Visuals embedded within the retrospective benefit readers in two major ways. First, this allows new hires to visualize the problem. They can feel like they’re working through the incident with the engineers who mitigated it. Second, it allows engineers who may handle a similar issue to find the information they’re looking for faster.

Be a historian

Using timelines when writing retrospectives is very valuable. But, there’s an art to crafting them. As Steve McGhee says, “There is little utility to including the entire chat log of an incident. Instead, consider illustrating a timeline of the important inflection points (e.g. actions that turned the situation around). This may prove to be very helpful for troubleshooting future incidents.” Retrospective timelines need the perfect balance of information. Too much to sift through, and the retrospective will become cluttered. Too little and it’s vague.

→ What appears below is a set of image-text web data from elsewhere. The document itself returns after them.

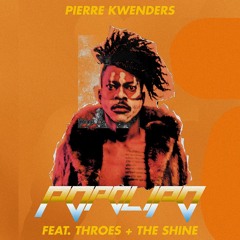 Popolipo Feat Throes + The Shine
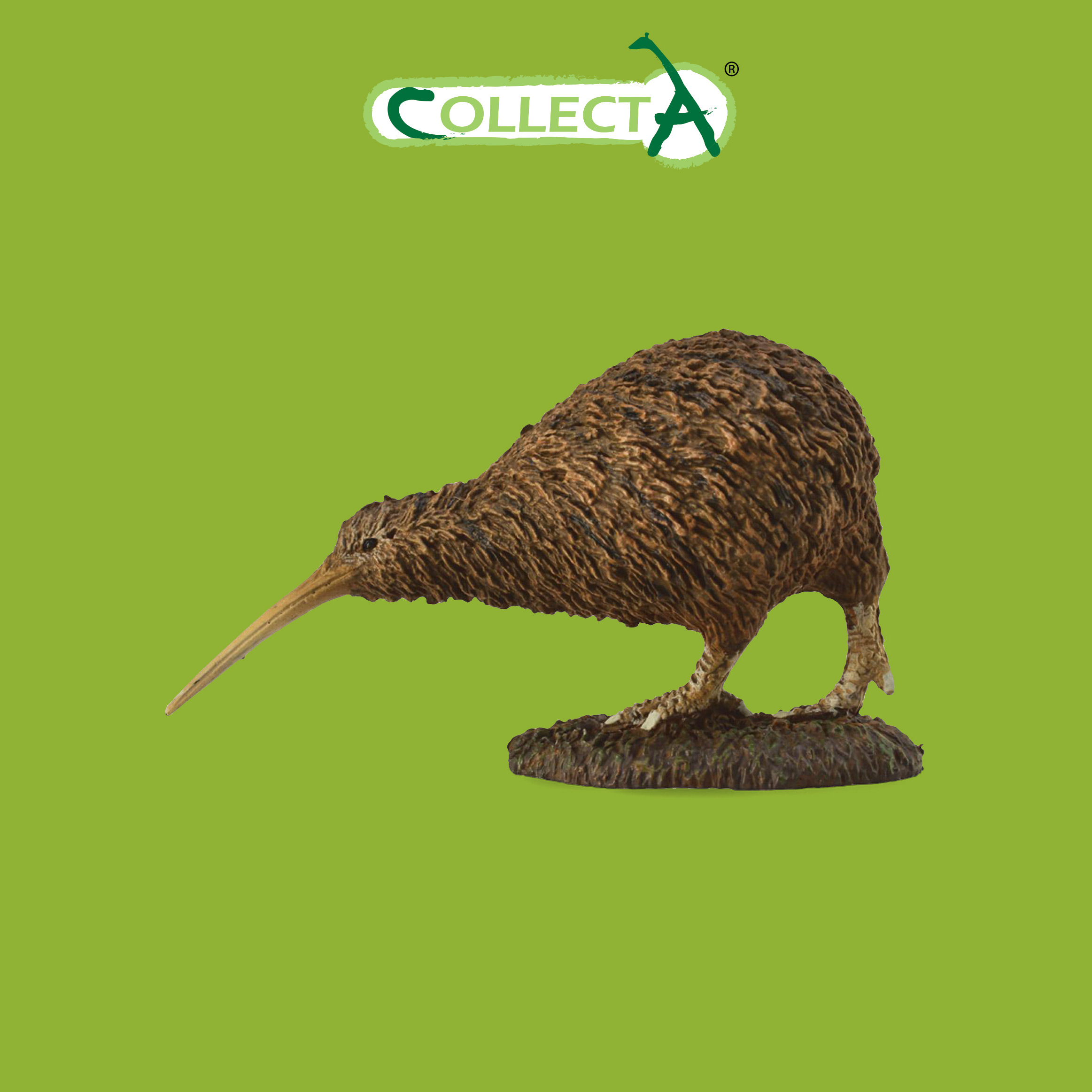 Фигурка Collecta Киви - фото 1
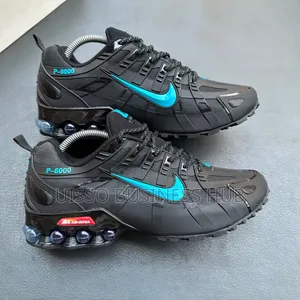 Mx Shoe Shine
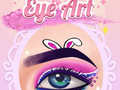 Ойын Eye Art
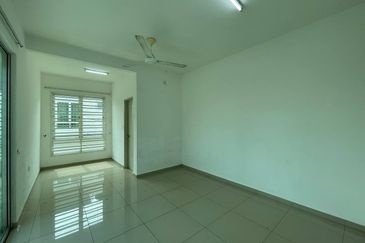 Nusari Aman 2 @ Bandar Sri Sendayan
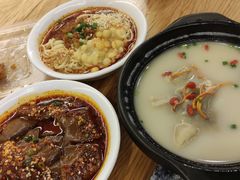 -付小姐在成都(川沙店)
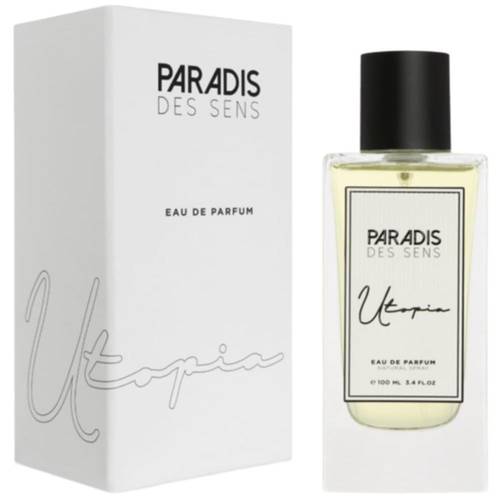 عطر باردايس ديس سينس يوتوبيا - او دو بارفيوم - 100مل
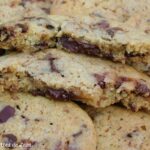 Comment faire des cookies moelleux Cyril Lignac ?
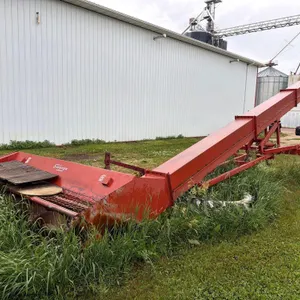Sudenga 40ft Super Scoop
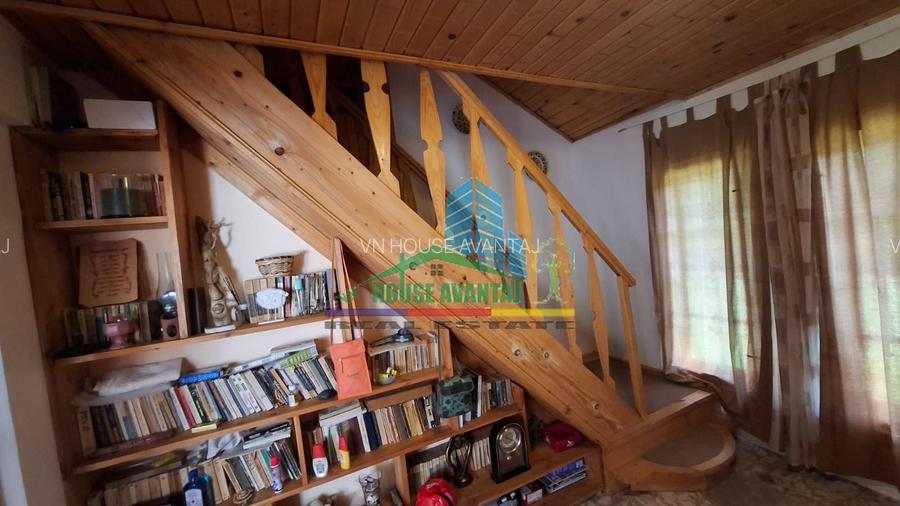 Casa de vacanta /Cabana de vanatoare Soveja - Vrancea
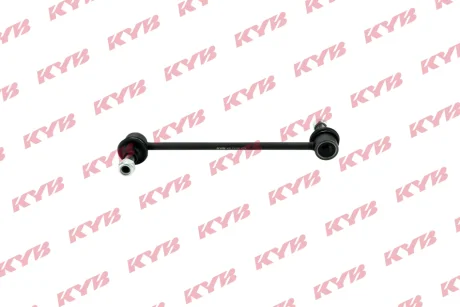 Стійка стабілізатора передн Лів/Прав 243mm MAZDA E, SUBARU BRZ, TOYOTA GT 86 2.0 08.99- KYB KSLF1156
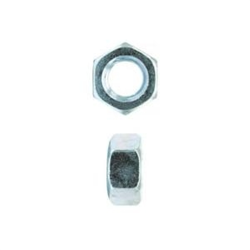 TUERCAS C/EXAG M - 18  ZINC 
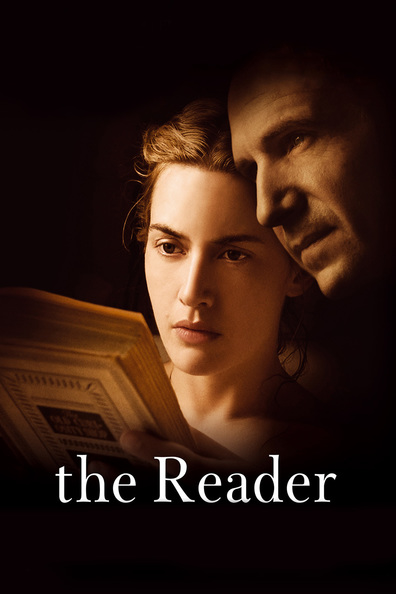 Movies The Reader poster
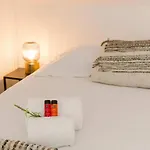 Bakboord Villa *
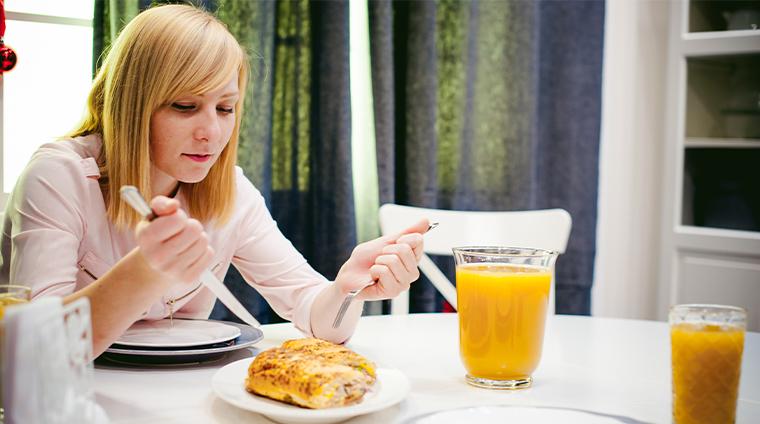 体重の重い人がお金持ちになれない本当の理由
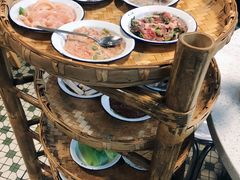 -有拈头成都市井火锅(南山总店)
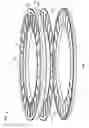 Fig. 02 - Tire with shaped tread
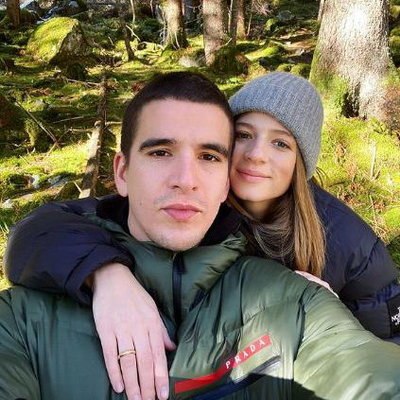 Feduk впервые стал отцом Feduk впервые стал отцом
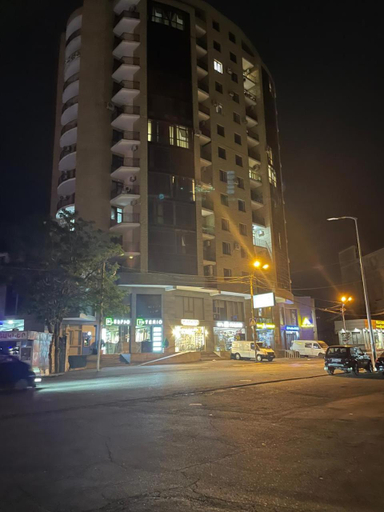 Others 4, Apartment in centre of Yerevan, Yerevan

Twilio’s “Billing Incident Post-Mortem: Breakdown, Analysis and Root Cause,” shows this balance. What Twilio does well in this retrospective is clarity. In this particular incident, the timeline and contributing factor are separate. In the entry for 1:35 AM July 18, the timeline note reads, “We experienced a loss of network connectivity between all of our billing redis-slaves and our redis-master. This caused all redis-slaves to reconnect and request full synchronization with the master at the same time.”

In the root cause analysis, the retrospective authors add details for this time stamp. They explain that the loss of network connectivity “caused all redis-slaves to reconnect and request full synchronization with the master at the same time." They also state how this affected the redis-master.

The timeline entry is half the word count of the explanation in the analysis. Yet, it still relays the most crucial information. This allows engineers to reap the benefit of speed.

If the billing redis-slaves disconnect again, an engineer might treat this retrospective as a clue. When retrospective timelines include only the most important moments, an engineer can save time sifting through clutter.

Publish promptly

As the Google SRE book says, “A prompt postmortem tends to be more accurate because information is fresh in the contributors’ minds. The people who were affected by the outage are waiting for an explanation and some demonstration that you have things under control. The longer you wait, the more they will fill the gap with the products of their imagination. That seldom works in your favor!”

Promptness has two main benefits. First, it allows the authors of the retrospective to report on the incident with a clear mind. Second, it soothes affected customers with less opportunity for churn.

Google and other best-in-class companies like Uber practice what they preach. These companies often publish retrospectives within 48 hours. This discipline leads to more accurate retrospectives. After two months, will you remember the specifics of an incident, even after looking at the logs? It’s not likely.

By publishing retrospectives within two days of mitigation, the information is fresher. This makes it more useful for teaching/onboarding and future reference.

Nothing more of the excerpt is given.